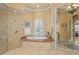 Bathroom features a soaking tub, tiled shower, and natural light from a window at 11817 Glen Wessex Ct, Tampa, FL 33626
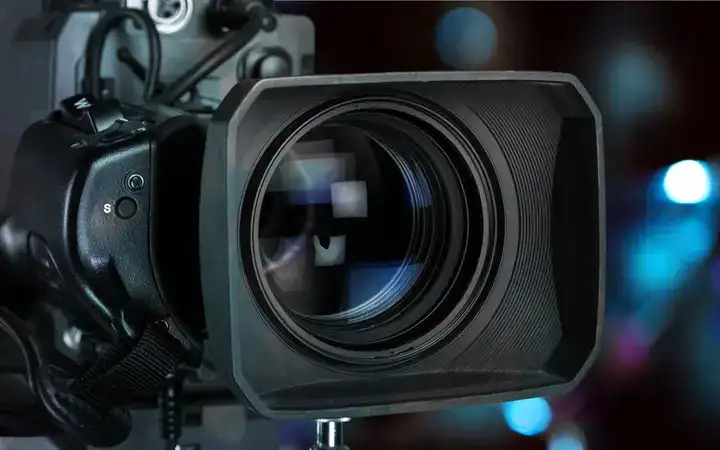 Close up of a camera lens with black surround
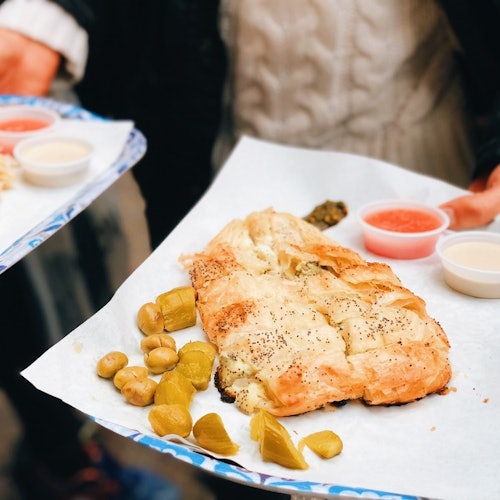 A tray with a pastry, pickles, and sauces. Two hands holding the tray, wearing sweaters.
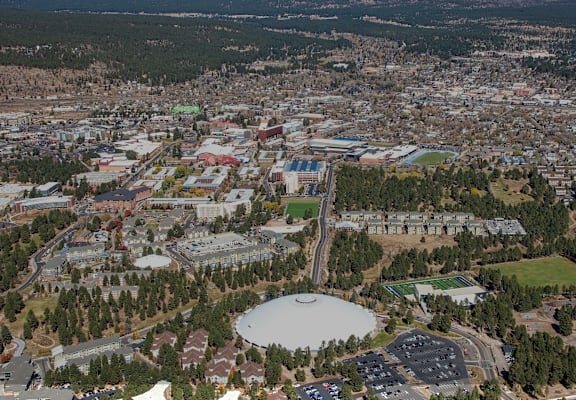 A large white dome structure is surrounded by buildings in a city.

= = = = =

#### YOUR GOAL:
Transcribe the listing exactly. Its images are to be omitted.

#### ANSWER SECTION:
 Bathroom features a soaking tub, tiled shower, and natural light from a window at 11817 Glen Wessex Ct, Tampa, FL 33626
 Close up of a camera lens with black surround
 A tray with a pastry, pickles, and sauces. Two hands holding the tray, wearing sweaters.
 A large white dome structure is surrounded by buildings in a city.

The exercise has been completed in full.